Killing Floor was formed in 1968 and was an active part of the British "Blues boom" of the late 1960s, which produced so many great bands. Over the next four years the band built a strong reputation on the club and college scene in the UK, played major festivals in Europe and backed Texas blues legend Freddie King on two British tours. Two albums were produced early on, both of which have been reissued many times and continue to sell worldwide. In 2003 the original band reformed to produce a new album "Zero Tolerance" and play selected concert dates across Europe.

Killing Floor has now released their fourth album "Rock'n'Roll Gone Mad" earlier in 2012. The current lineup has all four original members: Bill Thorndycraft – vocals, harp, guitar; Mick Clarke – guitar, vocals; Bazz Smith – drums; and Stuart “Mac” McDonald - bass. Blues is in the roots of the songs on this album, but the CD title tells it like it is.

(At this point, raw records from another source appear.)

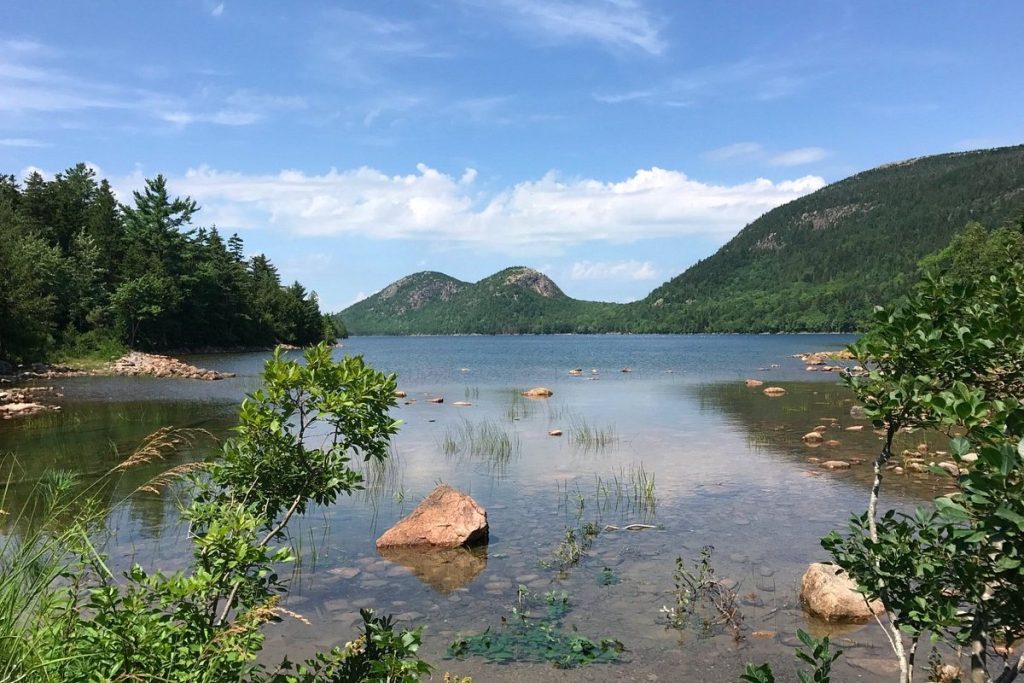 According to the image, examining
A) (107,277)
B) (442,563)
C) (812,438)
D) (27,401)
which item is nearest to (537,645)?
(442,563)

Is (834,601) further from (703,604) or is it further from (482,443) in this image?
(482,443)

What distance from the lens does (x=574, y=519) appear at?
1655cm

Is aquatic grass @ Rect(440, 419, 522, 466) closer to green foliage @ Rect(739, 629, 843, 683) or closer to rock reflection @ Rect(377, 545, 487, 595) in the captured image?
rock reflection @ Rect(377, 545, 487, 595)

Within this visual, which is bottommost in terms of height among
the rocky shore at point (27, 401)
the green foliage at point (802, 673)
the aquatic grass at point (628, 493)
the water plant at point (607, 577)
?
the water plant at point (607, 577)

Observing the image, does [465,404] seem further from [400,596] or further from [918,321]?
[918,321]

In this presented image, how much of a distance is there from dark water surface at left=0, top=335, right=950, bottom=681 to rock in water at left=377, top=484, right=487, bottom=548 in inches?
21.9

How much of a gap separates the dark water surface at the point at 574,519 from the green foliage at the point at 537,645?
0.24m

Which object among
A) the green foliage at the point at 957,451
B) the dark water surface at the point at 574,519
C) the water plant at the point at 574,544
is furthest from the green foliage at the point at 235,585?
the water plant at the point at 574,544

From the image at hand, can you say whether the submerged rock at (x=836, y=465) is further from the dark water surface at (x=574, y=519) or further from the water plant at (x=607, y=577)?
the water plant at (x=607, y=577)

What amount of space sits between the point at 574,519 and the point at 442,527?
12.5 ft

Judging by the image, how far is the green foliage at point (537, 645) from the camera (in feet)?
30.9

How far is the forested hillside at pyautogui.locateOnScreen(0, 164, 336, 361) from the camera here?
55.2 metres

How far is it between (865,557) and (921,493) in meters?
16.1

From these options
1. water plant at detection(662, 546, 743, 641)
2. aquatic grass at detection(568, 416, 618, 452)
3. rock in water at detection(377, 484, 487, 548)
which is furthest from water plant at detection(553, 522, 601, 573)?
aquatic grass at detection(568, 416, 618, 452)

Dedicated to the late Hubert Sumlin (although you will find few licks invented by Sumlin), the album features twelve original songs. Overall, there is cocksure, damn-straight pose, a little crash and thrash, some sly humor, but mainly gut-felt rawness. This four-some knows that at their ages, there is no time left to be pussy-footing around (and I can relate to that)! Again, read the title.

The opening track, “Rack My Brain,” challenges the honesty of politicians everywhere with its charging guitar and catchy rhythm. Thorndycraft blows hair-raising harmonica for a rage against xenophobes in another Bluesy number, “Xenophobic Blues.” Headed for some radio airplay is the dance inducing instrumental “Auntie Peggy’s Handbag” featuring Mick Clarke on piano.

The boys must have listened seriously to The Clash and The Ramones as one can hear up-tempo, hard hitting thrash influences in a couple of numbers: the title track, “Rock ‘n’ Roll Gone Mad,” and “Dissatisfied” – the latter a clever list of the narrator’s annoyances.

Let’s be honest, when it comes to Blues and its subsequent Blues-Rock, the Brits ironically “got it” well ahead of most Americans. Not only did Killing Floor get it, they have still got it! If what you want to get is some Brit grit, this is it!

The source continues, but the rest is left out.